Its very much about the platform that provides access to the feeds, the customer facing service. Nobody cares who owns the satellites and if you said, 'you can get the channels from Astra and Eutelsat', the vast, vast majority wouldn't know what the hell you were talking about.
The article clearly mentions availability on Freesat as well, should they have referred to the satellites instead?
I'm not privvy to any commercial arrangement between Sky and the BBC over the epg, but it would seem to me that Sky would be shooting themselves in the foot as far as customer relations go if they had not put the channels on the epg, so I can't imagine much more than a nominal sum if anything was involved. In any case the channels could be accessed via the red button without using the epg.
And the article does NOT mention Freesat at all, only Freeview, which was really my point. By saying "Sky's satellite platform" there's an implication that you have to have a Sky package and that was not the case. Of course it's not about telling people it's on Astra, but if it's a freely available service then just "satellite" will be good enough, or "Freesat and Sky" if you must.
but I couldn't see anything exceptional about it (apart from the lack of ads). The extra channels were very good but if you didn't have access to them the coverage could be a bit disjointed as they either flicked around a lot or spent a lot of time on build ups to events while ignoring others.
I also can't help but feel that it is unlikely that more than 90% of the population watched the Olympics. I suspect this to be an anomaly of the system they use to guess viewing figures.

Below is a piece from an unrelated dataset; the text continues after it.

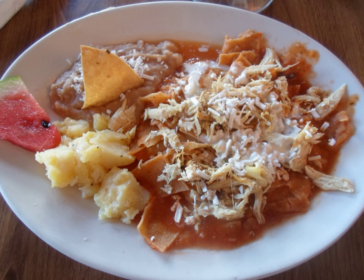Pulled chicken is sometimes added to the mix. It is commonly garnished with crema, crumbled queso fresco, raw onion rings, and avocado slices. Chilaquiles can be served with refried beans, eggs, beef, and guacamole as a side dish.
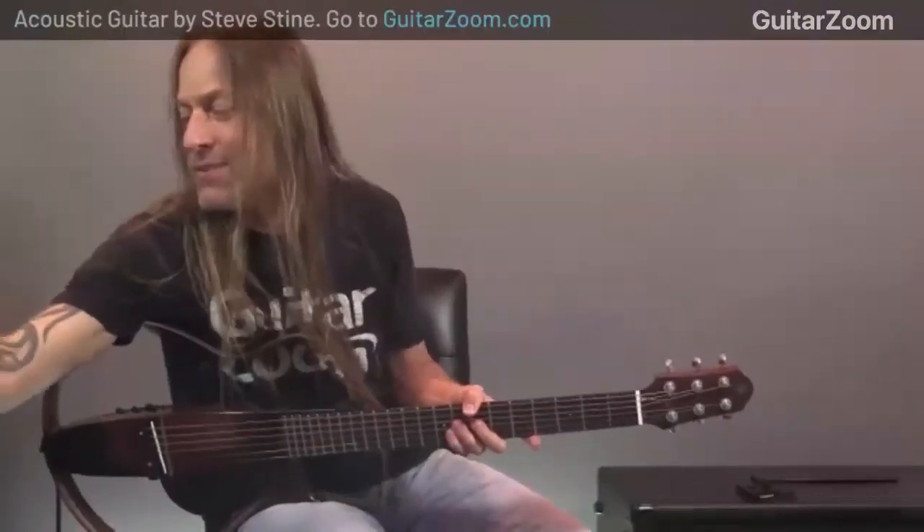Hey guys, thanks for being here. We're doing an acoustic guitar workshop for you. I'm Dan Denley, founder of guitarzoom.com, and this is my good friend Steve Stein, chief guitarist in residence. Hello everybody, thank you for being here and thank you for spending some time with us today to learn some acoustic guitar. If you want to learn even faster, you can go to guitarzoom.com and check out Steve's new acoustic guitar course - it's called Acoustic Guitar by Steve Stein.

I did watch some of it from abroad and I can't say the coverage was much different, apart from being biased towards events where that country felt it would do well!
I'm all in favour of the TV license but this was a fairly easy win for the BBC.
"...opposition to the licence fee seems ever increasing..."
Does it? The main place I've seen opposition to it is inside the Murdoch papers, and that's not surprising really, is it?
I thought that statement was a bit odd too.
There is more opposition to the Beeb than just Murdoch though. The right wing of the Conservatives haven't been keen on the BBC since at least the 80s. Also the Telegraph and Mail aren't exactly fans either (in their case probably for the same self-interested reasons as Murdoch), plus the Mail doesn't like anything that's fun and the Telegraph has become the mouthpiece of the Tory Right, rather than conservative retired colonels in Old Buffershire.
Hence the government put a medium axe to the license fee. With making the Beeb pay for the World Service and S4C, plus going without inflationary increases that amounts to cuts of about a quarter by the end of the current license fee settlement.
Perhaps this getting by without public notice has fooled the right into thinking it could axe the BBC, or radically change it? I doubt Cameron is that stupid though. Some complicated cuts, amongst many others that the Beeb didn't really fight were easy. Any serious danger to the BBC would go down like a lead balloon. And of course the BBC would be there to report it, in glorious technicolour. They do like a nice juicy media story, and even more if it's about themselves...
I think the BBC Trust's regular polling shows consistently high support for it. And they'd get awfully worried if that changed. Look at the fuss from axing 6 Music, and no-one listens to that. Try axing Radio 4 and the WI would march on Downing Street. And look what they did to Tony Blair over just one speech...
Try axing Radio 4 and I would take unpaid leave and march on Downing Street.
What is crucial is that Jeremy Hunt, who will claim the credit for a pretty well run games, is in a love-in with Murdoch. He should have been sacked for his handling of the BSkyB takeover. He went to the same university as the Prime Minister (at the same time no less), as the Chancellor, as the Secretary of State for the Home Department, as the Secretary of State for Defence, as the Secretary of State for Education... it's one big club and if you are a member of the Oxford set you can get away with anything you like. Clegg graduated from Cambridge so he should watch out.
Sucked the big one.
Cut out a large chunk of the opening ceremony which was tape delayed, including the tribute to the victims of terrorism, to talk to Michael Phelps. They even bleeped out Eric in the closing ceremony, 'Lif'e's a piece of BLEEP, when you look at it."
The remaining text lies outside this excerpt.